This site Footnote dos was used as a way to collect tweet-ids Footnote 3 , this site brings researchers with metadata away from a great (third-party-collected) corpus of Dutch tweets (Tjong Kim Done and you will Van den Bosch, 2013). e., new historical limitation whenever requesting tweets considering https://datingranking.net/sugar-daddies-uk/birmingham/ a journey inquire). The fresh R-package ‘rtweet’ and you can subservient ‘lookup_status’ function were used to collect tweets within the JSON structure. Brand new JSON file comprises a dining table towards tweets’ suggestions, including the creation time, this new tweet text, together with supply (we.e., brand of Myspace visitors).
Investigation tidy up and preprocessing
The JSON Footnote 4 files were converted into an R data frame object. Non-Dutch tweets, retweets, and automated tweets (e.g., forecast-, advertisement-relatea, and traffic-related tweets) were removed. In addition, we excluded tweets based on three user-related criteria: (1) we removed tweets that belonged to the top 0.5 percentile of user activity because we considered them non-representative of the normal user population, such as profiles who created more than 2000 tweets within four weeks. (2) Tweets from users with early access to the 280 limit were removed. (3) Tweets from users who were not represented in both pre and post-CLC datasets were removed, this procedure ensured a consistent user sample over time (within-group design, Nusers = 109,661). All cleaning procedures and corresponding exclusion numbers are presented in Table 2.
The tweet messages was in fact changed into ASCII security. URLs, line breaks, tweet headers, display screen names, and you can references so you’re able to display screen labels was removed. URLs enhance the profile count when located when you look at the tweet. Although not, URLs don’t add to the reputation count while they are found at the termination of a good tweet. To end good misrepresentation of your own actual reputation maximum one pages had to deal with, tweets which have URLs (yet not media URLs eg extra photographs otherwise videos) was basically excluded.
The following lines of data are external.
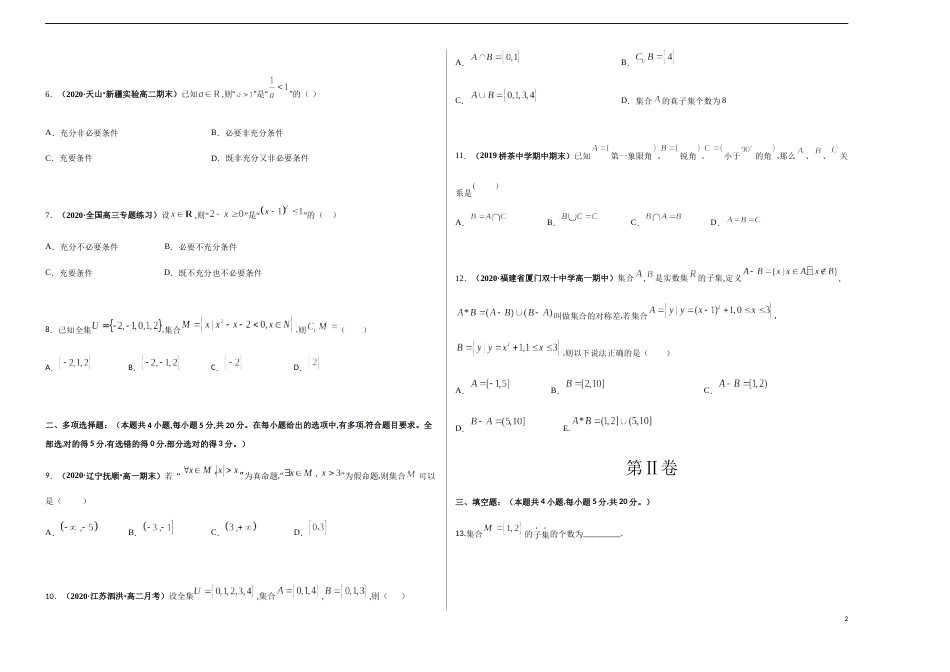第一章 集合与常用逻辑用语单元测试卷（基础版）-【新教材优创】突破满分数学之2020-2021学年高一数学重难点突破（人教A版2019必修第一册）原卷版附答案_第2页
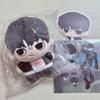 BOYNEXTDOOR Myung Jae-hyeon Doll Human Doll Overseas Unofficial Doll
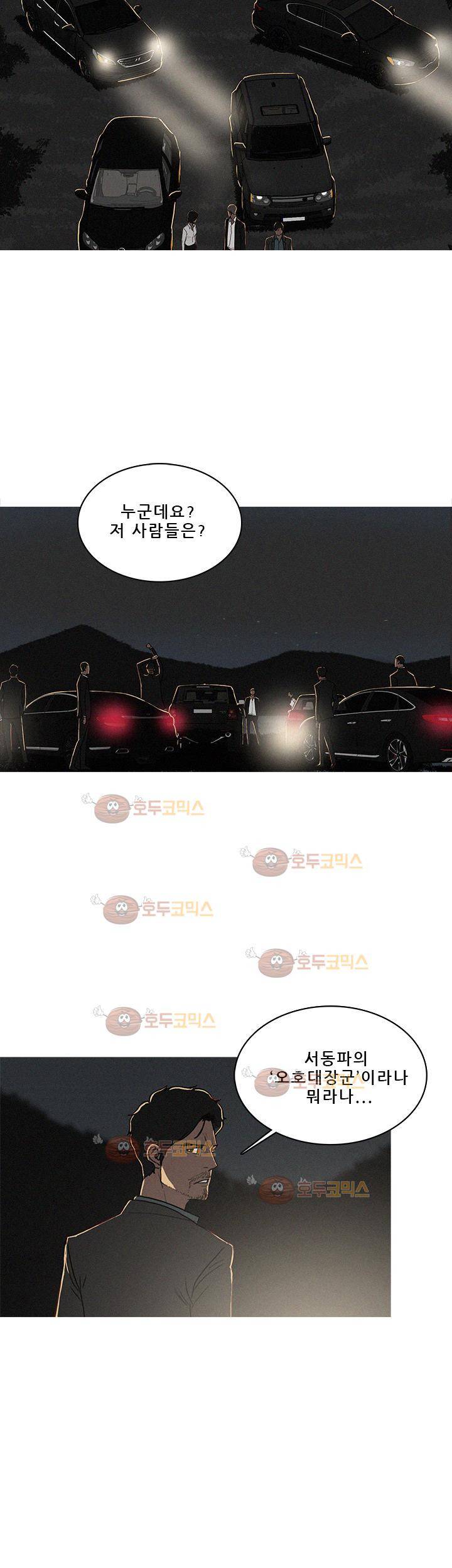 버스트 55화 16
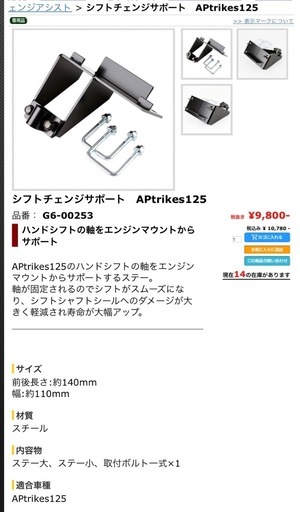 APトライク125用シフトチェンジサポート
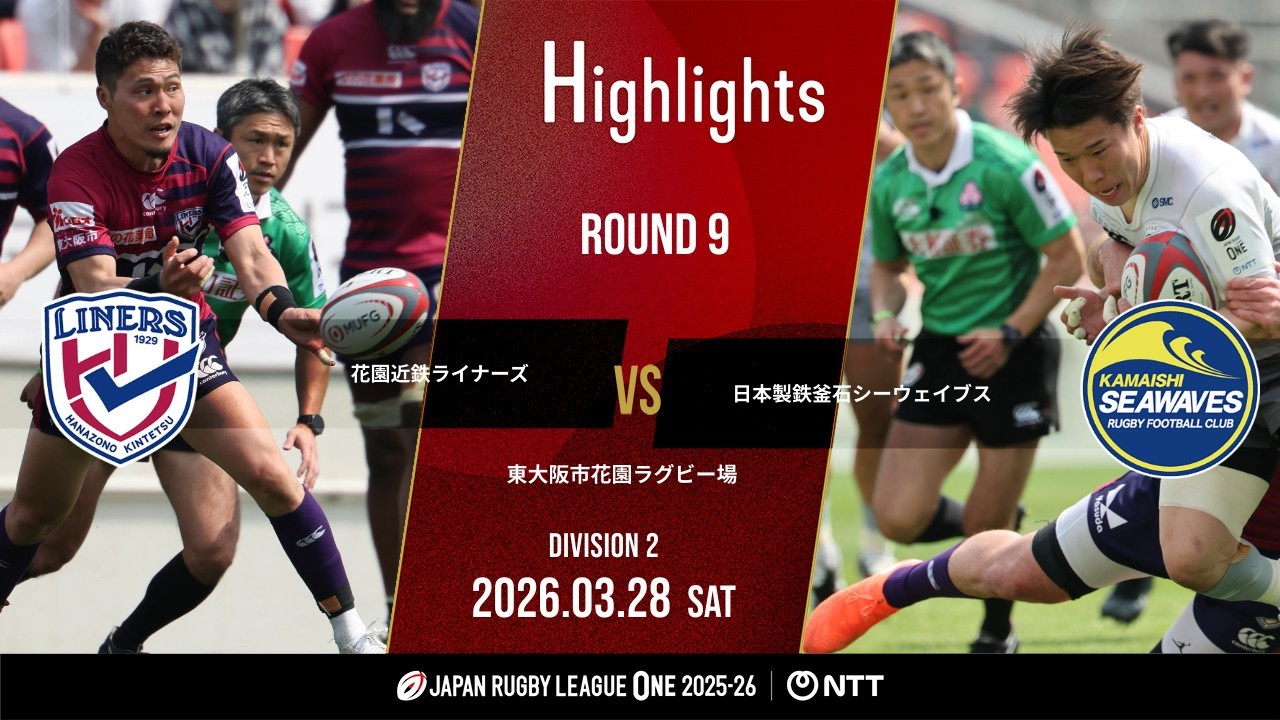 【公式ハイライト】 花園L vs 釜石SW｜NTTリーグワン2025-26 D2 第9節｜2026/3/28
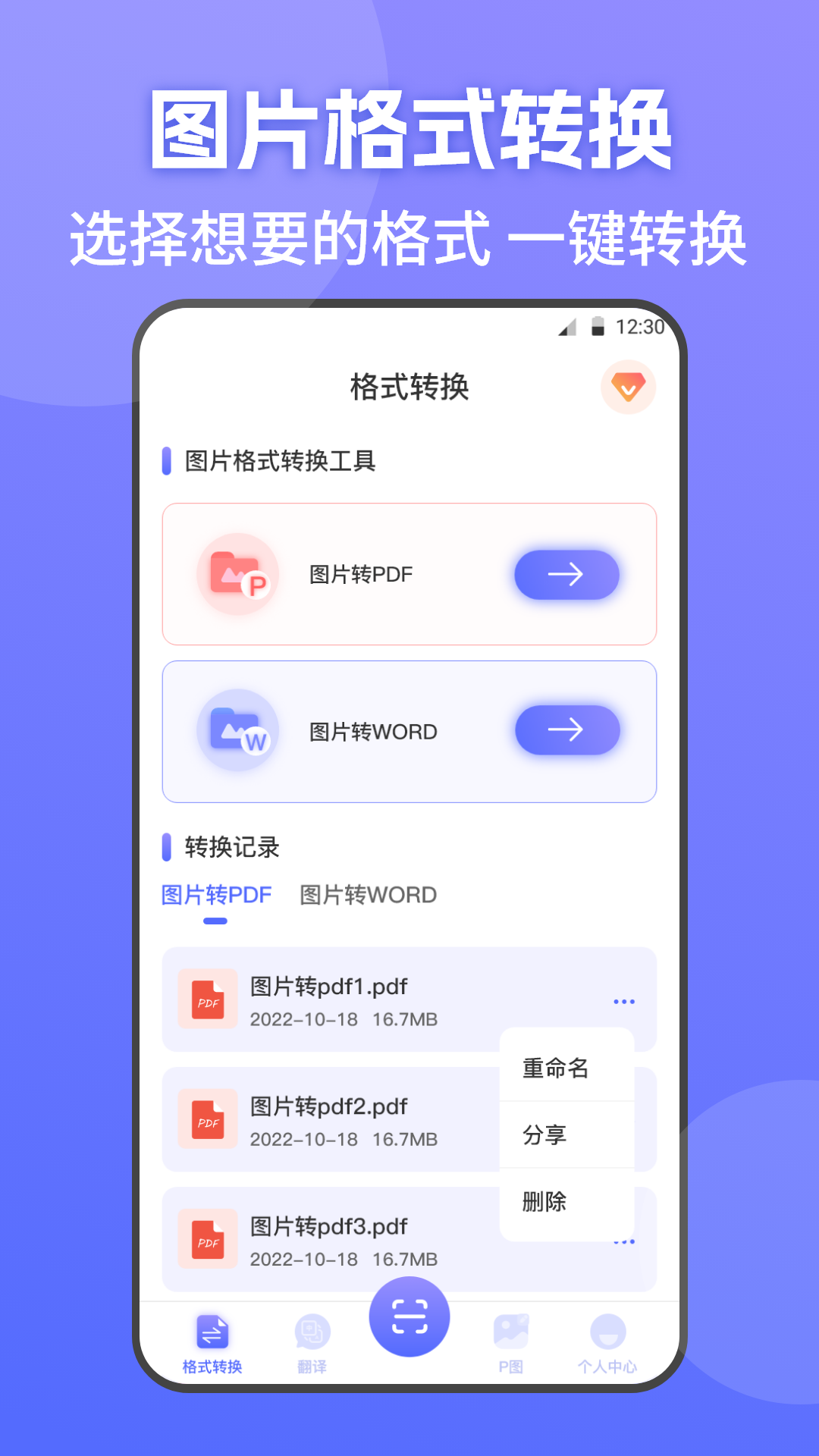 全能王手机扫描仪app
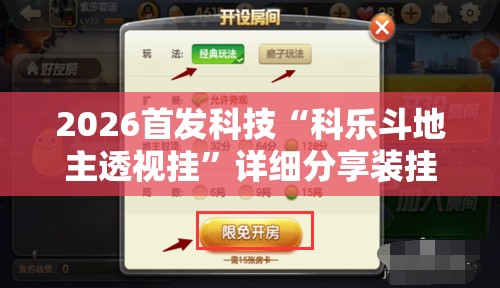 2026首发科技“科乐斗地主透视挂	”详细分享装挂步骤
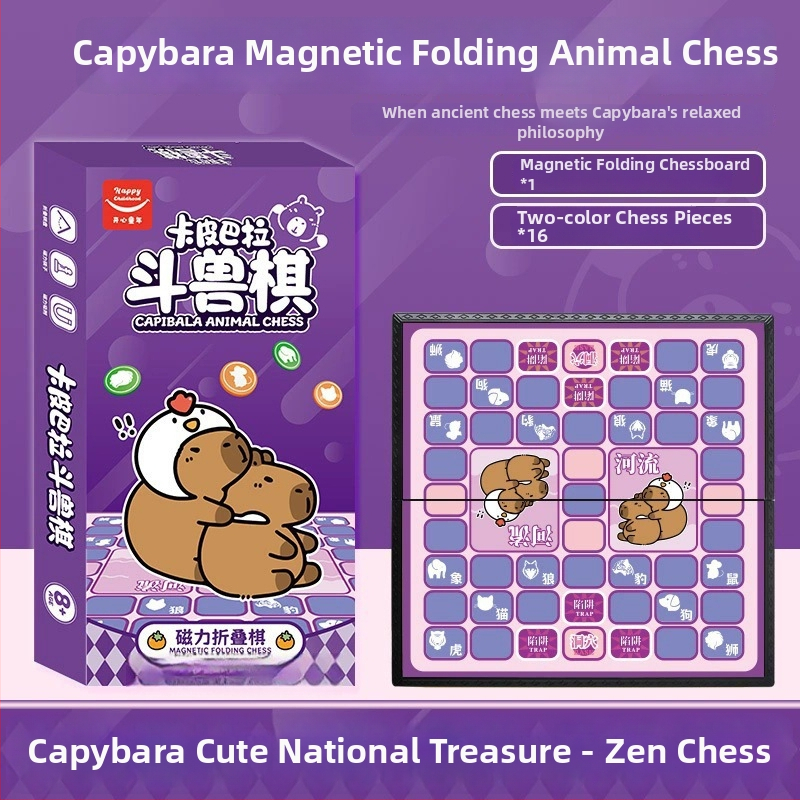 Yulefang Capybara Μαγνητικό Πτυσσόμενο Σετ Επιτραπέζιων Παιχνιδιών: Gomoku, Κινέζικο Σκάκι, Ντάμα και Πτητικό Σκάκι με Θηρία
Token and you can bigram study
The fresh Roentgen package Footnote 5 ‘quanteda’ was applied to help you tokenize the fresh new tweet messages with the tokens (i.age., isolated terms and conditions, punctuation s. At exactly the same time, token-frequency-matrices have been calculated with: the fresh frequency pre-CLC [f(token pre)], the brand new cousin frequency pre-CLC[P (token pre)], the regularity article-CLC [f(token blog post)], the fresh new cousin regularity article-CLC and T-score. New T-attempt is similar to a fundamental T-fact and you will computes the latest mathematical difference in mode (i.age., the brand new cousin keyword frequencies). Bad T-results imply a comparatively high density from a token pre-CLC, whereas self-confident T-scores mean a relatively highest occurrence from an excellent token article-CLC. This new T-rating equation utilized in the study are presented as Eq. (1) and (2). N is the final number away from tokens for each and every dataset (i.age., pre and post-CLC). Which equation is based on the procedure for linguistic data of the Chapel mais aussi al. (1991; Tjong Kim Carried out, 2011).
Part-of-address (POS) study
The brand new R plan Footnote 6 ‘openNLP’ was utilized in order to categorize and you will amount POS classes on the tweets (i.elizabeth., adjectives, adverbs, posts, conjunctives, interjections, nouns, numeral, prepositions, pronouns, punctuation, verbs, and you can various). The newest POS tagger works using a max entropy (maxent) chances model to assume the brand new POS category considering contextual has actually (Ratnaparkhi, 1996). The fresh Dutch maxent design used in the brand new POS class is actually educated towards the CoNLL-X Alpino Dutch Treebank analysis (Buchholz and you will ). The openNLP POS design has been stated with a reliability score off 87.3% when used for English social media data (Horsmann mais aussi al., 2015). A keen ostensible restriction of latest studies is the accuracy from the fresh new POS tagger. Although not, equivalent analyses was indeed did for both pre-CLC and post-CLC datasets, meaning the accuracy of your POS tagger will likely be consistent more than each other datasets. For this reason, we assume there are no logical confounds.